About this task —
Under this line are the records; repeat exactly the lines starting at the one containing "A White Space" and ending at the one containing "Alt view image", omitting pictures.

Exercise data —
☆ ☆ ☆ ☆
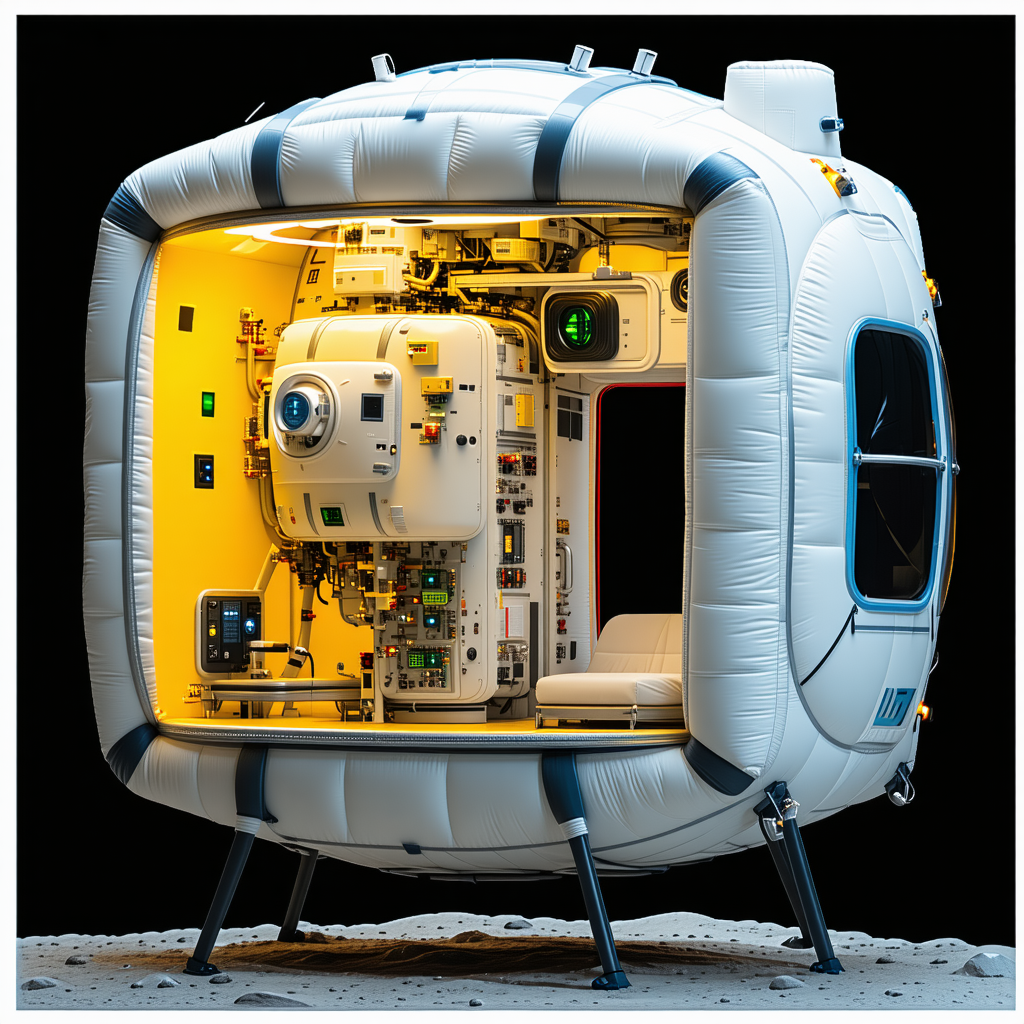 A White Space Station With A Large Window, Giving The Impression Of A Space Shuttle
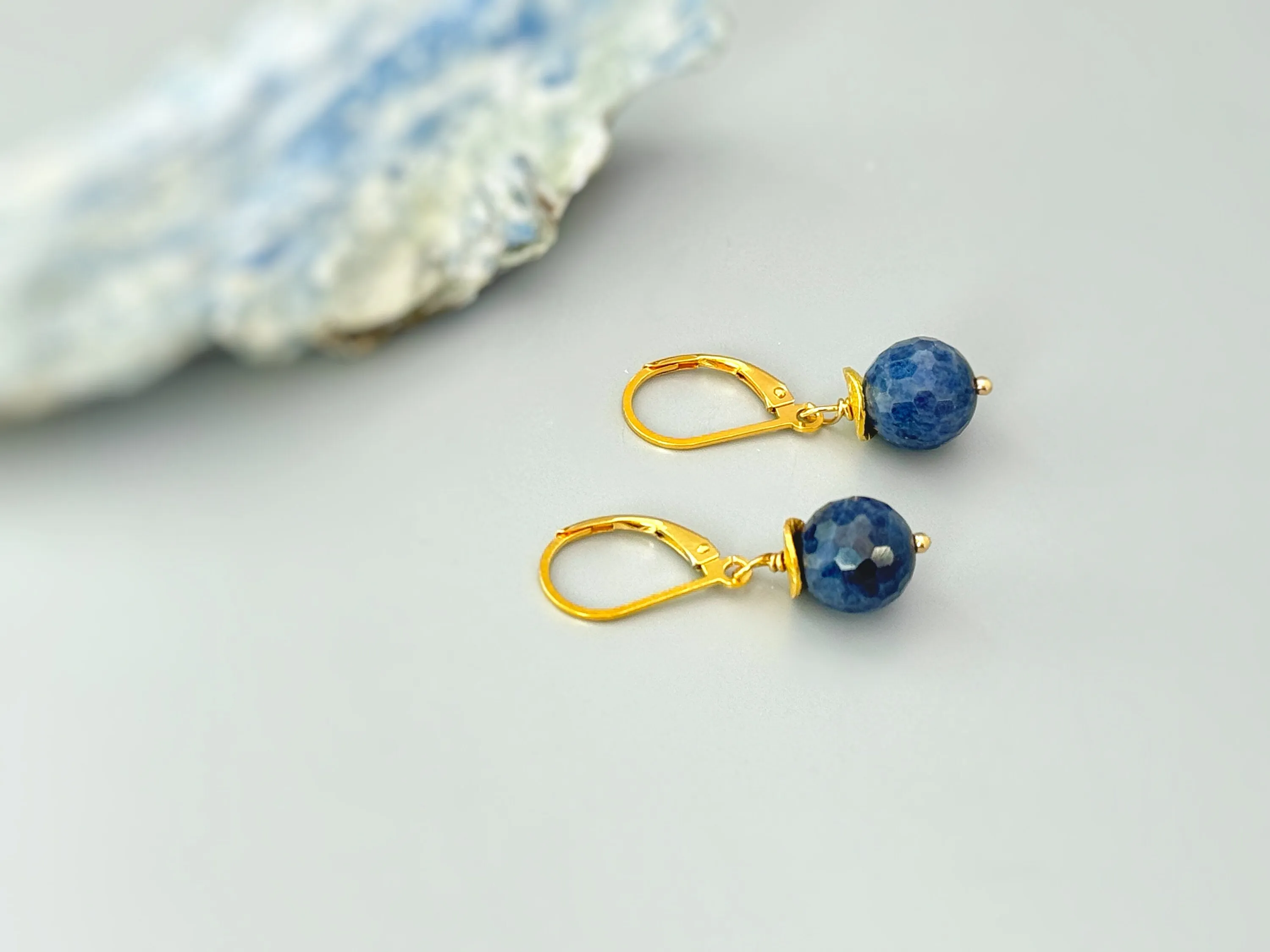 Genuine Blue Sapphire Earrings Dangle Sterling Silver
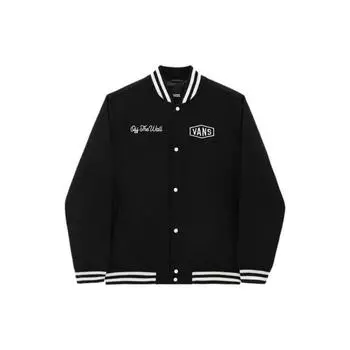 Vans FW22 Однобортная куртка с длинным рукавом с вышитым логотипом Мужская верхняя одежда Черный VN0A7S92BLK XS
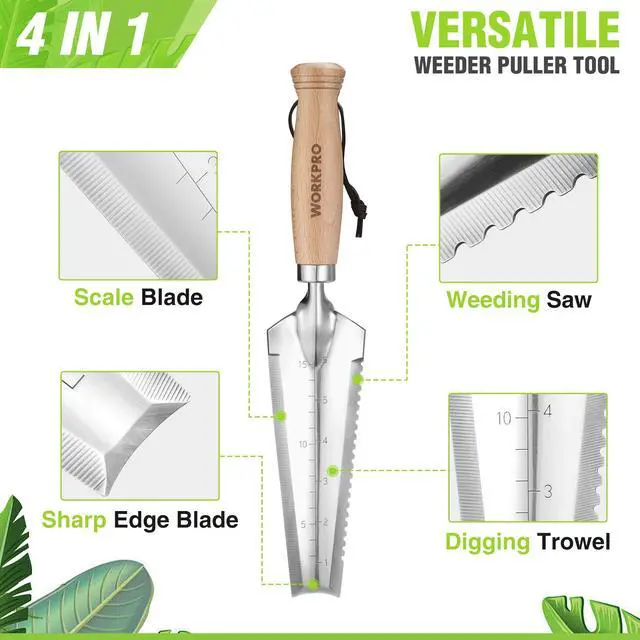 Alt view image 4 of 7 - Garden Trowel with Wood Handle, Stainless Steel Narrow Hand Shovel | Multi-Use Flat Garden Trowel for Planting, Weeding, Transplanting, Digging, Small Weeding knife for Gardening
☆ ☆ ☆ ☆
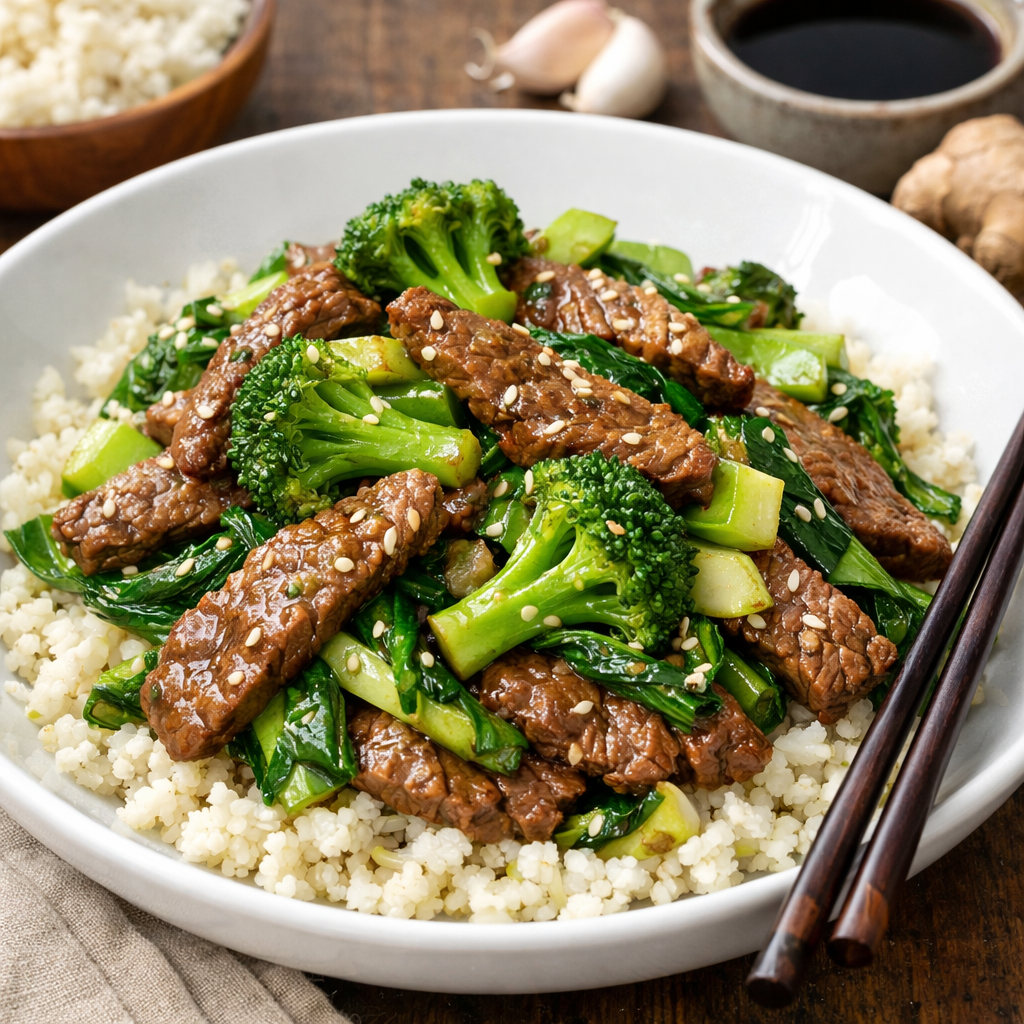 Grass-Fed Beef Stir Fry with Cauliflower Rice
☆ ☆ ☆ ☆
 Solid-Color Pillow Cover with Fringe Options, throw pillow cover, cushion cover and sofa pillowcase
☆ ☆ ☆ ☆
Task solution —
 A White Space Station With A Large Window, Giving The Impression Of A Space Shuttle
 Genuine Blue Sapphire Earrings Dangle Sterling Silver
 Vans FW22 Однобортная куртка с длинным рукавом с вышитым логотипом Мужская верхняя одежда Черный VN0A7S92BLK XS
 Alt view image 4 of 7 - Garden Trowel with Wood Handle, Stainless Steel Narrow Hand Shovel | Multi-Use Flat Garden Trowel for Planting, Weeding, Transplanting, Digging, Small Weeding knife for Gardening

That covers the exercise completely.